→ **Exercise description**:
From the first line to the last, repeat the records exactly and skip the pictures.

→ **Records for the exercise**:
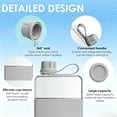 thumbnail image 4 of Flat Water Bottle with Handle 500 ml Flat Water Bottle BPA-Free Leak-Proof Slim Water Bottle for Travel Outdoor Fitness Sports Cycling Work School,Gray, 4 of 7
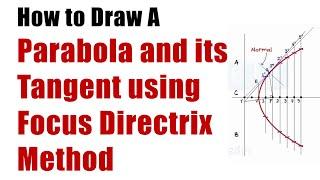 How to Draw A PARABOLA and its Tangent using FOCUS DIRECTRIX METHOD - Engg Curves - Engg Drawing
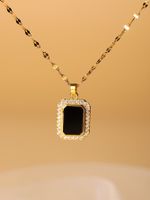Glam Simple Style Rectangle Stainless Steel Plating Inlay Zircon 18k Gold Plated Pendant Necklace main image 1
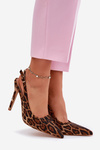 Embellished Stiletto Sandals Leopard Brown Kemonia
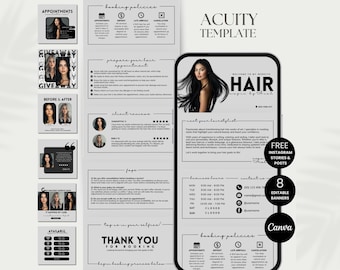 Hair Stylist Acuity Scheduling Template Hair Stylist Acuity Booking Hair Website Template Acuity Canva Hair Scheduling Website DIY Acuity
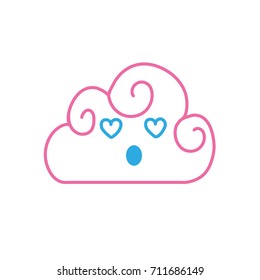line kawaii cute in love cloud weather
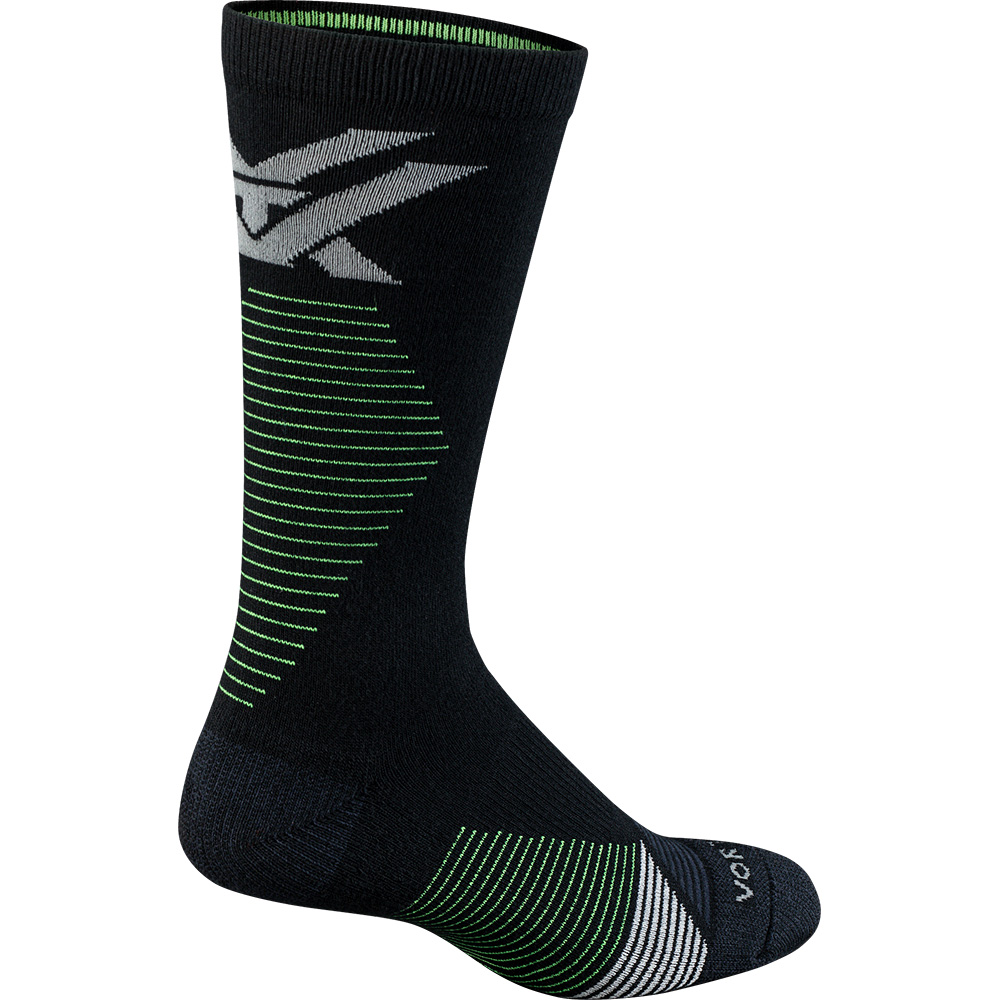 Vortex Men's Crew Socks: Black/Toxic Green Pursuit Trail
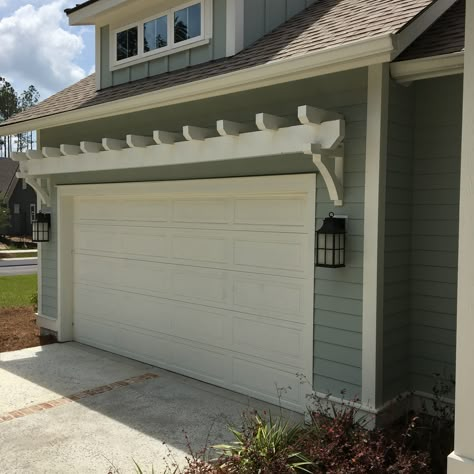 Garage Door Pergola Arbors, Garage Door Trellis Pergolas, Garage Doors Pergola, Garage Arbor Pergola, Garage Door Arbor, Eyebrow Pergola Garage Doors, Corbels Over Garage Door, Garage Door Pergola Ideas, Trellis Above Garage Door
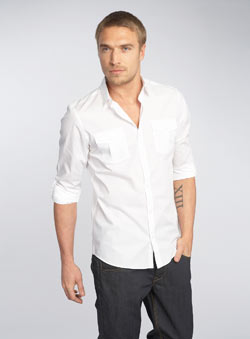 Burton Black Label White Roll Sleeve Shirt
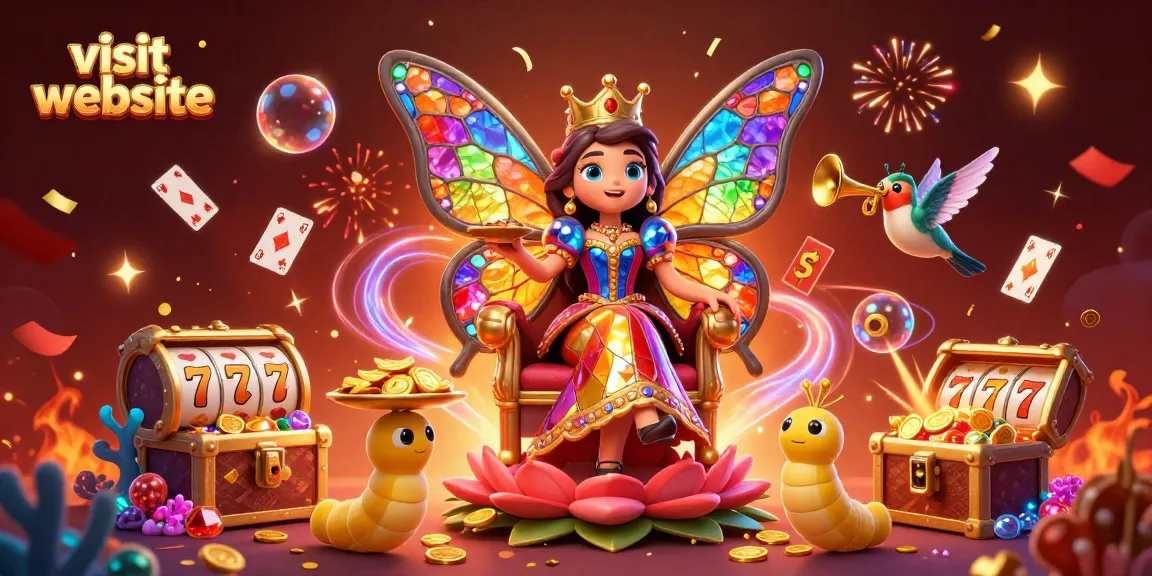 Visit website to enjoy a vibrant 3D casino experience with magical elements and joyful characters.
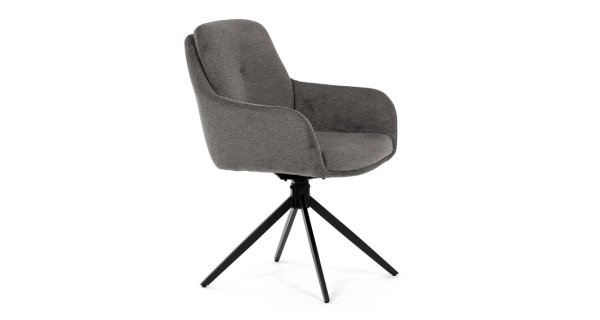 Jídelní židle GRATRE, šedá látka, černý kov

→ **Answer area**:
 thumbnail image 4 of Flat Water Bottle with Handle 500 ml Flat Water Bottle BPA-Free Leak-Proof Slim Water Bottle for Travel Outdoor Fitness Sports Cycling Work School,Gray, 4 of 7
 How to Draw A PARABOLA and its Tangent using FOCUS DIRECTRIX METHOD - Engg Curves - Engg Drawing
Glam Simple Style Rectangle Stainless Steel Plating Inlay Zircon 18k Gold Plated Pendant Necklace main image 1
 Embellished Stiletto Sandals Leopard Brown Kemonia
 Hair Stylist Acuity Scheduling Template Hair Stylist Acuity Booking Hair Website Template Acuity Canva Hair Scheduling Website DIY Acuity
line kawaii cute in love cloud weather
 Vortex Men's Crew Socks: Black/Toxic Green Pursuit Trail
 Garage Door Pergola Arbors, Garage Door Trellis Pergolas, Garage Doors Pergola, Garage Arbor Pergola, Garage Door Arbor, Eyebrow Pergola Garage Doors, Corbels Over Garage Door, Garage Door Pergola Ideas, Trellis Above Garage Door
 Burton Black Label White Roll Sleeve Shirt
 Visit website to enjoy a vibrant 3D casino experience with magical elements and joyful characters.
 Jídelní židle GRATRE, šedá látka, černý kov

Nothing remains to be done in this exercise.